保険相談した時におすすめされたもの

次は万が一のときのための遺族の保障についてです。遺族の保障は家庭環境によって異なります。たとえば、共働きかどうか、子供の人数、ローンの有無などによって必要保障額も変わってくるでしょう。

いろいろある生命保険のなかで遺族保障を考えるなら、まず終身保険の加入をお勧めします。終身保険は一生涯、死亡保障が続きます。つまり、現時点の家族保障から老後の妻の保障まで、長い目で終身保険の利用を考えていくことができるわけです。

また、払込みが終われば年金に移行することもでき、保険料払い込み終了後二、三年たってから解約する場合は、払い込んだ保険料以上になって戻ってきます。さらに、これに上乗せするのが、イザというときの家族の生活費と子供の教育費の保障です。とくに子供が小さい場合、とりあえず大学まで進学すると仮定します。

この保険相談では遺族保障として大きな保険金が必要ですが子供が中学、高校と進学するにつれて必要な保険金額は減ってきます。

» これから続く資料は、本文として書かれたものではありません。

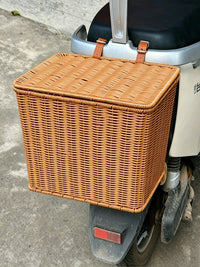 Electric Bicycle Rear Basket Scooter Tail Hanging Basket with Lid or Open Top for Pets Helmets Storage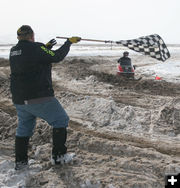 Flagging in 175. Photo by Dawn Ballou, Pinedale Online.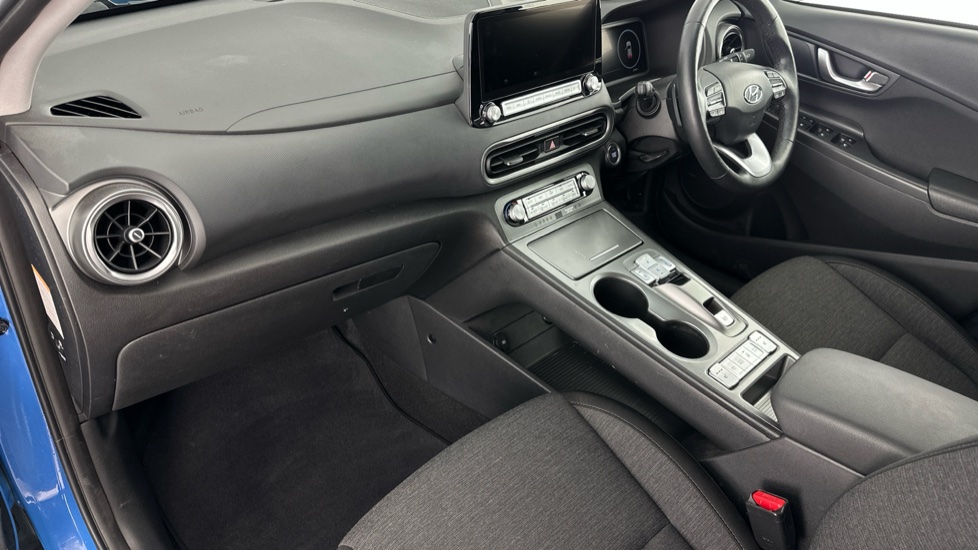 HYUNDAI KONA Image 9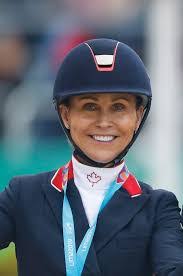 Ashley Holzer's Instagram, Twitter & Facebook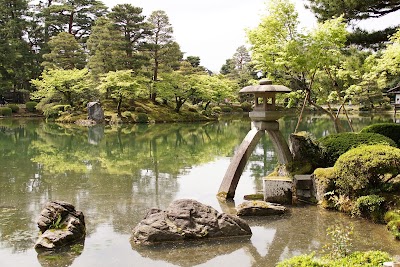 兼六園 (Kenrokuen Garden)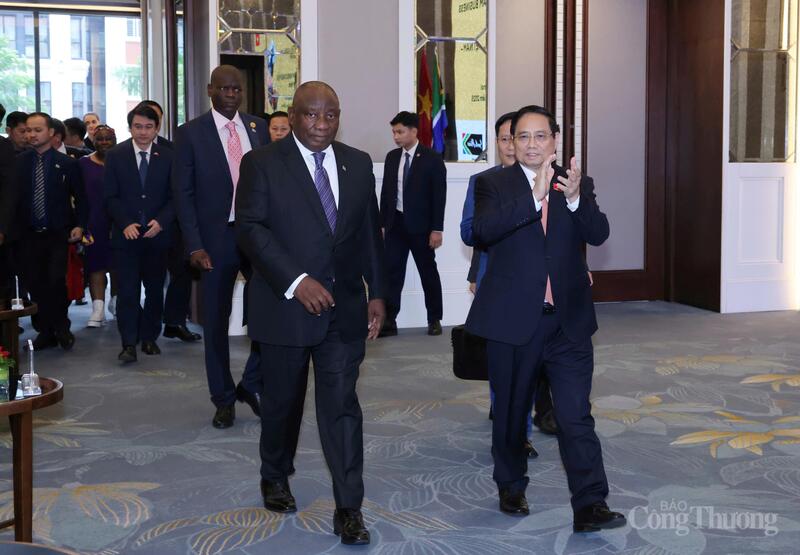 Thủ tướng Phạm Minh Chính và Tổng thống Cộng hòa Nam Phi Cyril Ramaphosa cùng dự Diễn đàn Doanh nghiệp Việt Nam - Nam Phi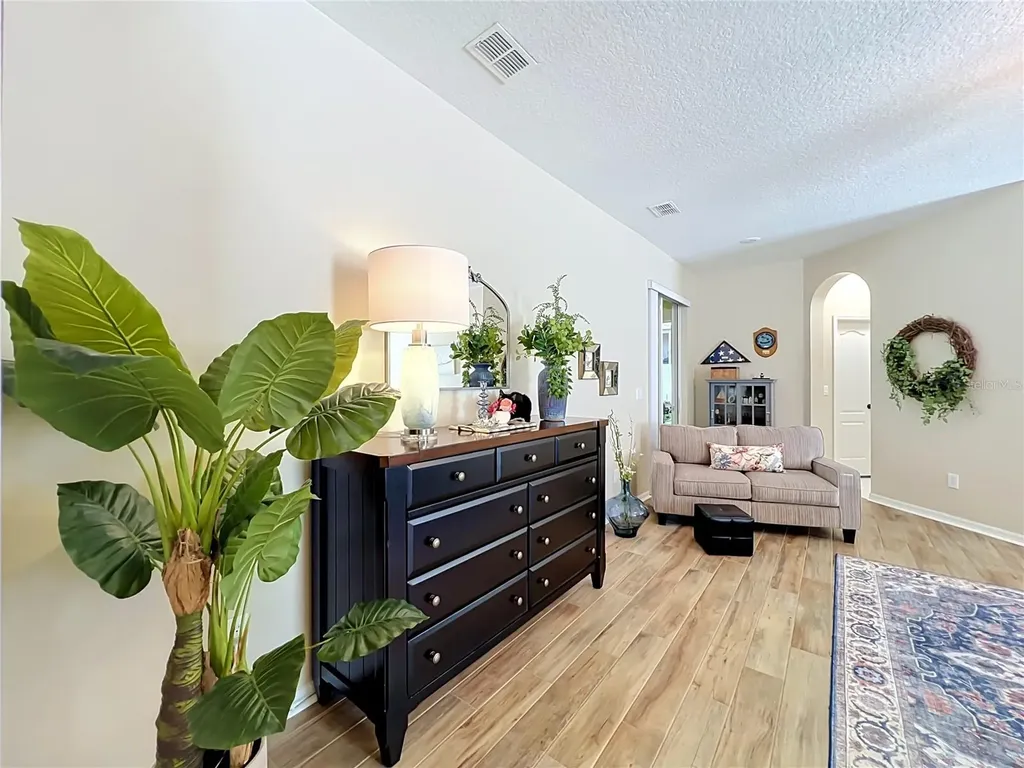 527 Azalea Bloom Drive Apopka FL 32712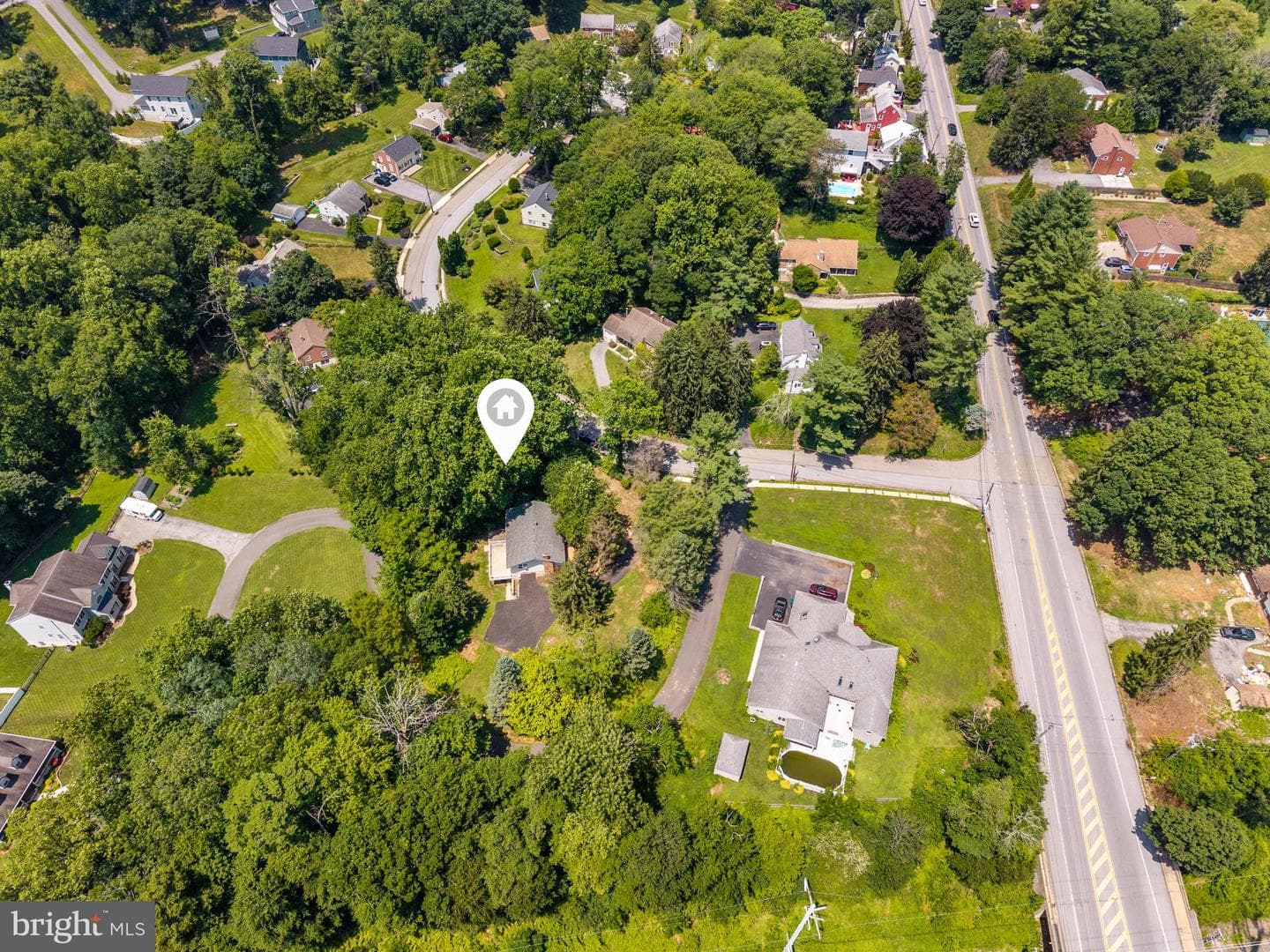 250 S Pennell Road photo 38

このことを考えると、終身保険に定期保険特約を付加するか、終身保険と別に定期保険単独で加入するのもいいでしょう。それもなるべく短期間ごとに更新できるタイプをお勧めします。

短期間の更新設定をすれば、更新ごとに子供の進学に合わせて保険金額を減額していけるためムダがなくなります。たとえば、三五歳の男性で、年収五〇〇万円、家族構成が妻三三歳、七歳と五歳の男子が二人という家族についての保障を考えてみます。

現在の月間生活費を二五万円、その七割を家族の月間生活資金として見積り、末子が大学を卒業する年を二二歳と仮定した場合、その間を保障必要期間とします。

そうすると、〈二五万円×〇・七×一ニヵ月(二二-五)=三五七〇万円〉となります。これを家族の生活資金①とします。次に妻の生活資金です。

保険相談の月間生活費二五万円の五割を妻の月間生活資金として見積り、末子が大学を卒業する二二歳の年の妻(五〇歳)の平均余命の期間を必要期間として必要保障金額を計算すると、〈二五万円×〇・五×一ニヵ月×三三=四九五〇万円〉となります。

つまり、①と②の合計金額である八五二〇万円が遺族の生活資金として必要だということになります。

もちろん、このシュミレーションは、三五歳で夫が死亡し、妻は一生専業主婦というケースですから、あくまでもひとつの目安にしかすぎません。しかし、いずれにしても、二〇代、三〇代前半の一家四人の保障を考えると八〇〇〇万円前後は必要だということです。